Ayşe teyze devam etti:

> “İyi bakmak sadece fiziksel değil, ruhsal bir şeydir. İnsan bazen kendine gülümsemeyi bile unutur. Ama biri ‘iyi bakam’ deyince, sanki bir anlığına hatırlarsın: sen de kıymetlisin.”

Bu noktada hepimiz düşündük. Gerçekten de “iyi bakam” bir vedadan fazlasıydı; bir hatırlatma, bir insanlık çağrısıydı.

---

Toplumun Aynasında: Deyimlerin Duygusal Ekonomisi

Dilbilimci Doğan Aksan’ın çalışmalarına göre, Türkçe’de duygusal yoğunluk taşıyan ifadeler genellikle toplumsal ilişkilerle birlikte gelişir. “İyi bakam” da bu anlamda kültürel bir mirastır. Modernleşmeyle birlikte dil sadeleşirken, bu tür ifadelerin duygusal derinliği yavaş yavaş yüzeyselleşmiştir.

Ekonomik, sosyal ve teknolojik dönüşümler, insan ilişkilerindeki sıcaklığı da değiştirmiştir. Bugün bir WhatsApp mesajında “iyi bakam” demek, belki de geçmişteki kadar içten duyulmaz. Fakat hâlâ birini önemsediğimizi göstermenin en sade yollarından biridir.

Forum tartışmasına açık bir soru:

> Sizce teknoloji çağında duygusal ifadeler anlamını mı kaybediyor, yoksa sadece biçim mi değiştiriyor?

---

Bir Vedadan Fazlası: Geleceğe Bırakılan Bir Miras

Akşam karanlığı bastığında, kahvehanede yalnızca sobanın çıtırtısı kalmıştı. Dedem, bastonunu alıp kalkarken Hasan’a döndü:

> “Hadi oğlum, sen de kendine iyi bakam.”

Bu kez o söz, sadece alışkanlıkla söylenmiş bir veda değildi. O an dedemin gözlerindeki ciddiyet, kelimenin ağırlığını taşıyordu.

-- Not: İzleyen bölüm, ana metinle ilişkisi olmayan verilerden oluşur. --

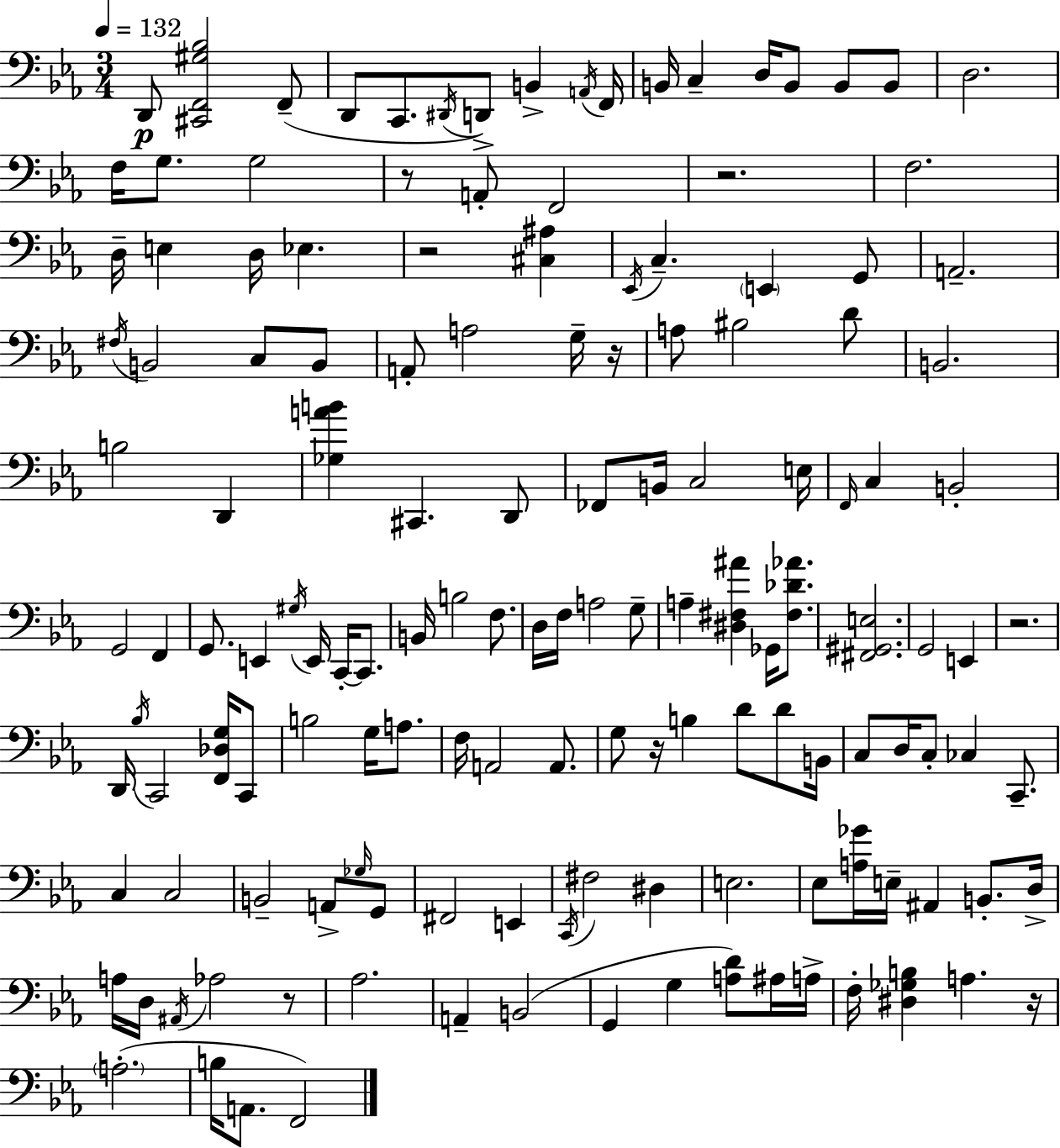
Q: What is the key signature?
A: C minor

Sanki bu cümleyle, geçmişten bugüne bir kültürel zincirin halkası yeniden tamamlanıyordu.

“İyi bakam” sadece bireysel bir dilek değil; toplumsal bir sorumluluk çağrısıdır. Çünkü bir toplum, bireylerinin kendine iyi bakabildiği ölçüde güçlü olur. Fiziksel sağlık kadar psikolojik dayanıklılık da burada önem kazanır. Pozitif psikoloji araştırmaları, bireyin kendine bakım davranışlarının toplumsal mutlulukla doğrudan ilişkili olduğunu gösteriyor (Seligman, 2011).

---

Son Söz: İyi Bakmak, İyi Yaşamakla Eşdeğer

“İyi bakam” demek, aslında “sen değerlisin” demektir.

Bir annenin oğluna, bir dostun arkadaşına, bir öğretmenin öğrencisine söylediği bu iki kelime, Türk kültürünün şefkat dilini taşır. Erkeklerin stratejik koruma içgüdüsüyle, kadınların duygusal bağlılığı arasında duran bir köprü gibidir.

Şimdi size soruyorum:

> En son ne zaman birine gerçekten “iyi bakam” dediniz?

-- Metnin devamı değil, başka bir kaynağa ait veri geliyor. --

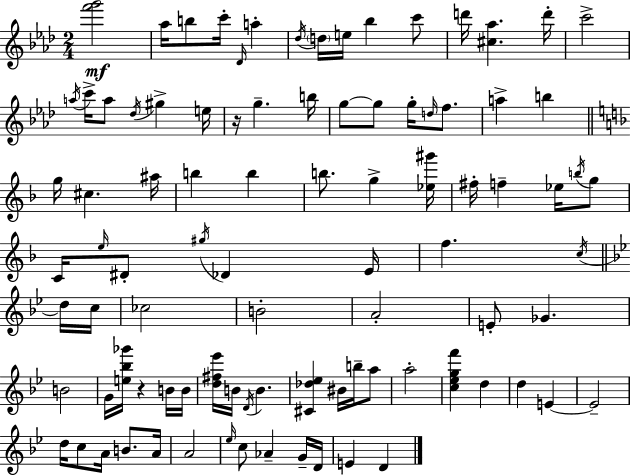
{
  \clef treble
  \numericTimeSignature
  \time 2/4
  \key f \minor
  <f''' g'''>2\mf | aes''16 b''8 c'''16-. \grace { des'16 } a''4-. | \acciaccatura { des''16 } \parenthesize d''16 e''16 bes''4 | c'''8 d'''16 <cis'' aes''>4. | \break d'''16-. c'''2-> | \acciaccatura { a''16 } c'''16-> a''8 \acciaccatura { des''16 } gis''4-> | e''16 r16 g''4.-- | b''16 g''8~~ g''8 | \break g''16-. \grace { d''16 } f''8. a''4-> | b''4 \bar "||" \break \key f \major g''16 cis''4. ais''16 | b''4 b''4 | b''8. g''4-> <ees'' gis'''>16 | fis''16-. f''4-- ees''16 \acciaccatura { b''16 } g''8 | \break c'16 \grace { e''16 } dis'8-. \acciaccatura { gis''16 } des'4 | e'16 f''4. | \acciaccatura { c''16 } \bar "||" \break \key g \minor d''16 c''16 ces''2 | b'2-. | a'2-. | e'8-. ges'4. | \break b'2 | g'16 <e'' bes'' ges'''>16 r4 | b'16 b'16 <d'' fis'' ees'''>16 b'16 \acciaccatura { d'16 } b'4. | <cis' des'' ees''>4 bis'16 | \break b''16-- a''8 a''2-. | <c'' ees'' g'' f'''>4 d''4 | d''4 e'4~~ | e'2-- | \break d''16 c''8 a'16 b'8. | a'16 a'2 | \grace { ees''16 } c''8 aes'4-- | g'16-- d'16 e'4 | \break d'4 \bar "|."
}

> Ve daha da önemlisi, en son ne zaman kendinize iyi baktınız?

Belki de hayatın özü bu iki soruda saklıdır. Çünkü bazen “iyi bakmak”, yalnızca yaşamak değil; insan kalabilmenin en sade halidir.

Kaynaklar:

- Aksan, D. (2000). Her Yönüyle Dil. TDK Yayınları.

- Seligman, M. E. P. (2011). Flourish: A Visionary New Understanding of Happiness and Well-Being. Free Press.

- Gökçen, B. (2019). Türk Kültüründe Sözlü Deyimlerin Sosyolojik İşlevi. Ankara Üniversitesi Yayınları.